Look down the entries below and report how many lines hold the string "analysis"; write nothing else.

[[ Source material, beginning ]]

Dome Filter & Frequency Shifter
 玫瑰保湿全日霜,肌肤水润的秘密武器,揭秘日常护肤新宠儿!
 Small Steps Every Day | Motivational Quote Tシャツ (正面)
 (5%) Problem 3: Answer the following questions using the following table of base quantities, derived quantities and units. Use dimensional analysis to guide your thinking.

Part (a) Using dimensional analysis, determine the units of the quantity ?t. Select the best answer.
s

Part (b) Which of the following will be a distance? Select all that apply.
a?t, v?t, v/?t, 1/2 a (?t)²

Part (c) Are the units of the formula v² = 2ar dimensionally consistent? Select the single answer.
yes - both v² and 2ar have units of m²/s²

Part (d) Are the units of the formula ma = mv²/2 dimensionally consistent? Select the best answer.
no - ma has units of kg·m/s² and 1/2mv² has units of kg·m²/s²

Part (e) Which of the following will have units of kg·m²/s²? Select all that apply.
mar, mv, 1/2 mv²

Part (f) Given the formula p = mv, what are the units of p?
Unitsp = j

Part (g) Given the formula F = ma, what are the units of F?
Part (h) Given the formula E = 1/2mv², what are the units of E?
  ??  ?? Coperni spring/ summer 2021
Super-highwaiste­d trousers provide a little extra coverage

[[ Source material, end ]]

▶ Expected output:
2